I never really liked the term… it always felt a little self-important?
My only consolation is that it’s not a title I have given myself, but rather something that others have called me.
Beyond my own self-esteem issues, the term always felt a little too vague.
With that, I have spent my career doing the deep work: building businesses, reading, writing, thinking, authoring books, hosting conversations, tracking ideas, following culture, presenting ideas to live audiences, connecting dots… so what should I call it?
The problem I’ve always grappled with is: What actually makes someone a “thought leader” vs. just another person posting hot takes?
According to Cindy Anderson (IBM Institute for Business Value and co-author of the book, The ROI of Thought Leadership) the definition is very clear:
Thought leadership is evidence-based, original thinking that influences an audience to take action.
That’s it… three parts… no fluff:
- It’s got to be grounded in primary research.
- It has to offer something new – not a rehash or hot take.
- It has to actually move people (ie get them to buy).
Fair… and powerful.
But what about the messy parts… and this must be about more than the person who did the research?
What about the intuition… the unfinished ideas… the cultural cues that can’t be cited but still spark something… the way an audience connects to a specific Thinker…
After our conversation, I’m not sure I fully subscribed to her definition.
Thought leadership isn’t just about having the receipts.
Yes… original research and thinking matters.
Yes… evidence matters.
Yes… action matters.
But the best thought leadership doesn’t just make you do something… it makes you feel something.

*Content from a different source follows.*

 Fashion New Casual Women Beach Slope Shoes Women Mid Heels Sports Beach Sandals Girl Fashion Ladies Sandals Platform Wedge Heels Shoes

It’s the moment an idea gets under your skin… not because it was cited in a white paper but because it named something you couldn’t yet articulate.
It’s not always neat… not always quantifiable.
It’s part insight… part provocation… part art.
To me a Thought Leader can read the room, the culture, the moment… and give you language for what’s shifting… often before you knew it was shifting.
It’s curiosity over certainty… questions that haunt… the courage to think out loud in public.
Thought leadership is original thinking that’s felt, remembered and repeated.
And if it doesn’t change the way someone sees the world (even a little) then maybe it’s just research?
Cindy and her team at IBM studied this space in depth.
They surveyed thousands of execs to understand what kind of content actually lands (and what just scrolls by).
And her data is clear: Most content fails because it’s missing one of those three elements…
- It’s not grounded.
- It’s not original.
- It doesn’t lead to action.
But here’s what struck me:
If most content is noise… and if true thought leadership is rare… then maybe we’ve been mislabeling a lot of things.
Maybe the best thought leadership isn’t just what gets clicks or shares… maybe it’s what gets remembered?
So yes, I appreciate Cindy’s clarity (and how they put a real and tangible number on it).
But I also think we need room for ideas that surprise us.
That make us feel something.
That leave us changed even if we can’t explain exactly why.
The real ROI might not only be in the research or the download or the lead gen.
It might be in the idea that someone can’t stop thinking about.
So, what counts as real thought leadership?
The rigor of research and ROI… or the resonance of a bold idea that hits home, gets shared and sticks in your brain like a lyric?
Maybe it’s both?
Which definition of thought leadership feels more true to you?